What Powell would like, it seems plain to me from his book, is to emerge as a third-party candidate like Ross Perot. But that will be a rocky road. The odds are stacked against any third-party candidate, especially - like Powell, but unlike Perot - one who will be dependent for resources on what he can raise.

Yet such is his combination of ability and experience, quietly held moral values and sheer personal charm that, especially in the present volatile climate of American politics, I do not believe that anyone can rule out his chances.

At least one of the heroes of every successful American war has gone on to the White House: George Washington, Andrew Jackson after the war of 1812, Zachary Taylor from the halls of Montezuma, Ulysses S Grant and Teddy Roosevelt from the Spanish-American war and Ike, supreme commander in the Second World War. Douglas MacArthur, who tried and failed to join that lineage, reminded us that old soldiers never die, they just fade away.

Even if Colin Powell does fade away, he has written a book of unusual interest. His account of growing up black in "Banana Kelly", the South Bronx neighbourhood where his parents lived before they won on the "numbers" lottery and moved to suburban Queen's, is as well done as his account of the Gulf War in which, he subtly suggests, Stormin' Norman Schwartzkopf did not display quite such confidence as it appeared.

Colin Powell is a soldier from his cap to his boots, but he has some engagingly human traits, and he doesn't mind owning up to some of the less disqualifying of them. He lost his pistol on one of his first assignments as a young lieutenant in Germany, and it didn't stop him coming back as commander of an army corps 30 years later. Shortly after retiring from the army, he ran out of gas on the Beltway, the orbital motorway which divides Washington from red-blooded America, and - we are left to infer - that won't necessarily mean that his career inside the Beltway is out of gas.

His hobby is fixing up ancient Volvos. "My idea of a good time is to disconnect every wire, tube, hose, cable and bolt of an engine ... as I stand there, grease-stained and triumphant". This may be a campaign biography, but the campaigner comes across as a nice man, with a sense of decency and a sense of humour.

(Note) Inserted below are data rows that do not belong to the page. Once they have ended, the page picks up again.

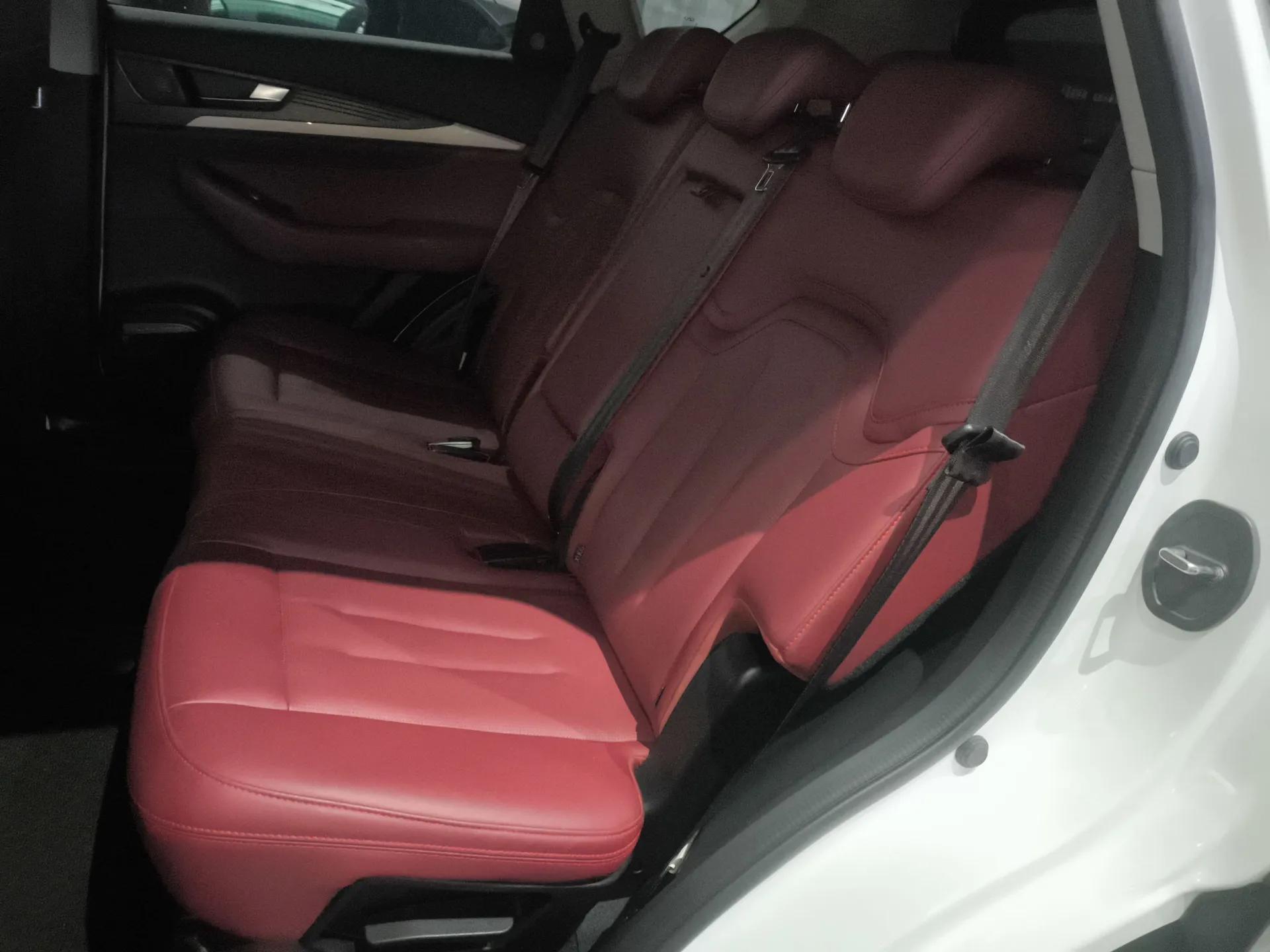 JETOUR X70 2024 1.5T DCT Glory PRO 5-Seater — миниатюра 20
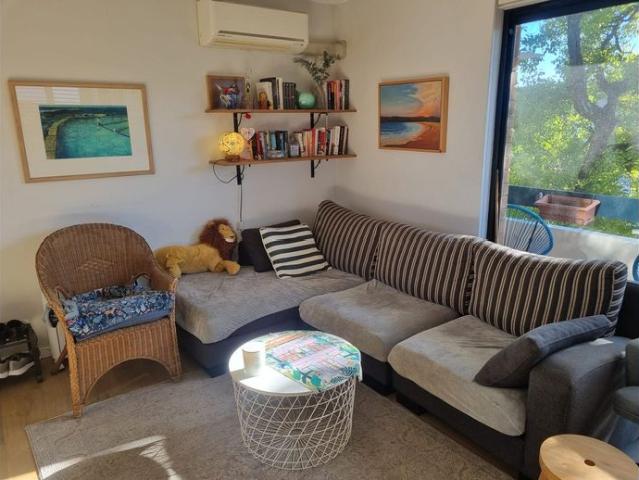 Short term lease and fully furnished, just bring your bags!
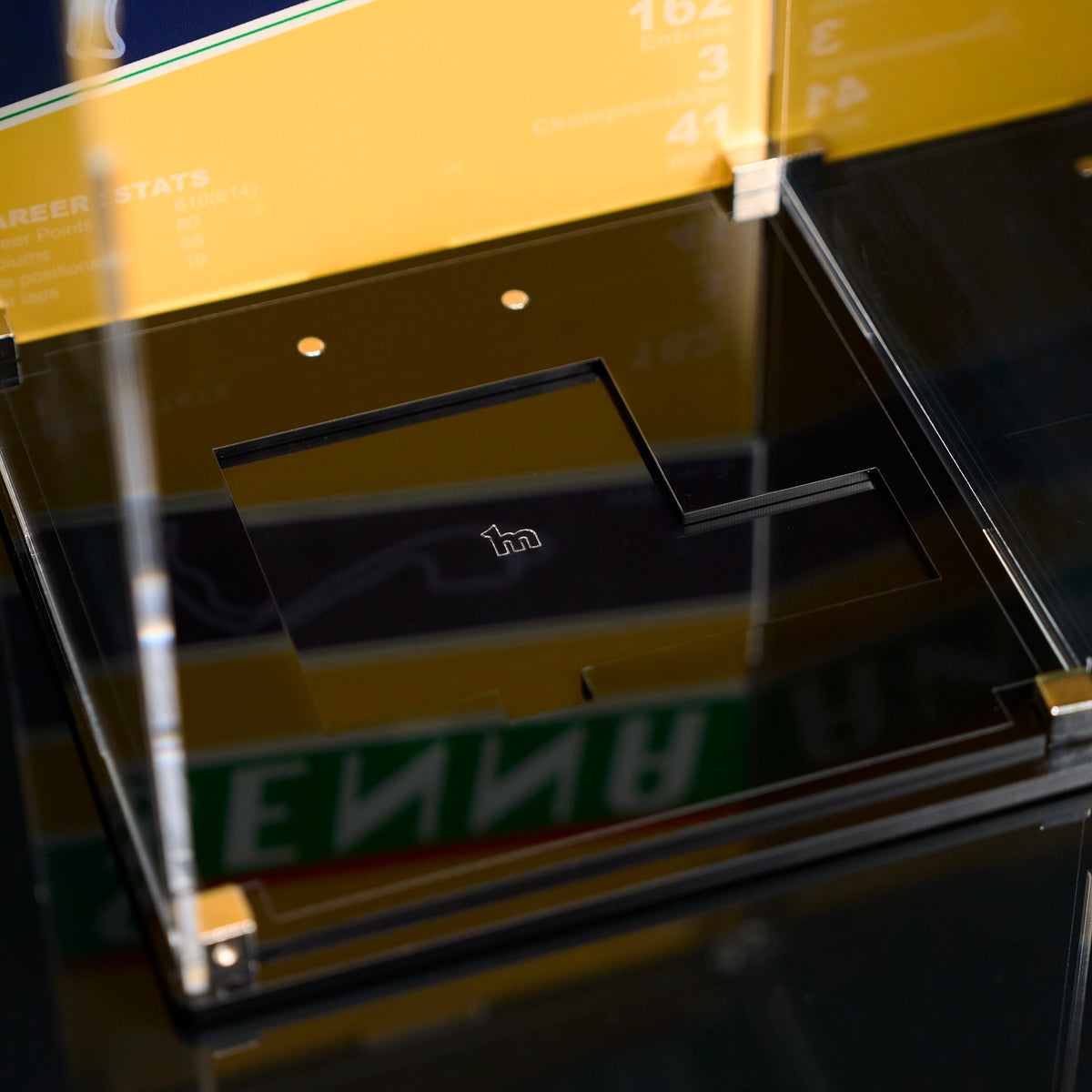 【Limited Free Sticker Included】Wall mounted Display Case For LEGO® Editions F1 43024 Ayrton Senna’s Helmet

It also leaves a thought for us to ponder. When his mother died, he found the British passports his parents had taken with them to New York, "two solemn-faced black immigrants from a tiny British colony" whose son was about to be knighted by the Queen of England. Had they, he reflects, shipped out for Southampton instead of New York, he might have made sergeant-major in a modest British regiment, but not British defence chief. I don't think we can argue with that, and the idea that we cannot plausibly claim that we offer a fair chance to people like Colin Powell does not fill me with pride.